Trade space for time or time for space

The early days, SoundCloud ran on 3 servers. CPU was precious so for some of the HTML conversion tasks we traded space for time and are storing a cached version of the HTML for some of the longer text fields in the same row as the record. This was the right choice at the time for the request load and available CPU.

(time is usually easier to scale than space)

Tune your DBs for your workload

We separate reads from writes on our data layer, and we also have slightly different tunings on the DB slaves that accept reads.
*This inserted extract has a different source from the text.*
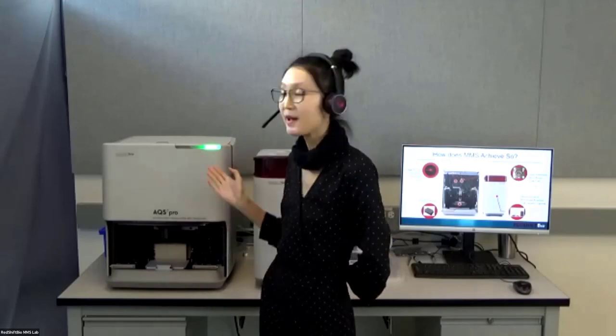My name is Mariama. I'm the application scientist and market development manager at RedShift Bio. I joined RedShift Bio because I love new and exciting things, and I really feel this MMS technology is one of those that could lead us into the future. Today I'm super excited to introduce you all to MMS.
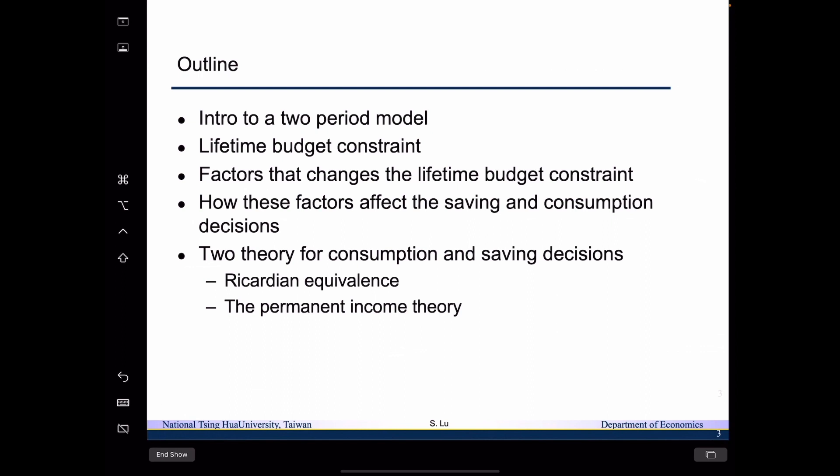Based on that, I want you to think about how those factors affect the consumption and saving decisions of the household. In today's lecture, we are going to talk about two theories for consumption and saving decisions, which includes the Ricardian equivalence and the permanent income theory. In the lecture next time, we will talk about more models and theories for consumption and saving decisions.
We also have experienced statement-based asynchronous slave replication breaking the replication thread due to these different tunings on different hardware.

We use row-based (actually mixed) replication between our masters and slaves because it’s as close as you’ll get to the storage engines speaking directly to each other, minimizing the risk of differences in hardware/tuning interfering with the replication thread.

Alert on disk space thresholds

We have a massive amount of Nagios checks on all our systems, including host-based partition %free checks. When any partition on a host reaches a threshold of free space, an alert is sent.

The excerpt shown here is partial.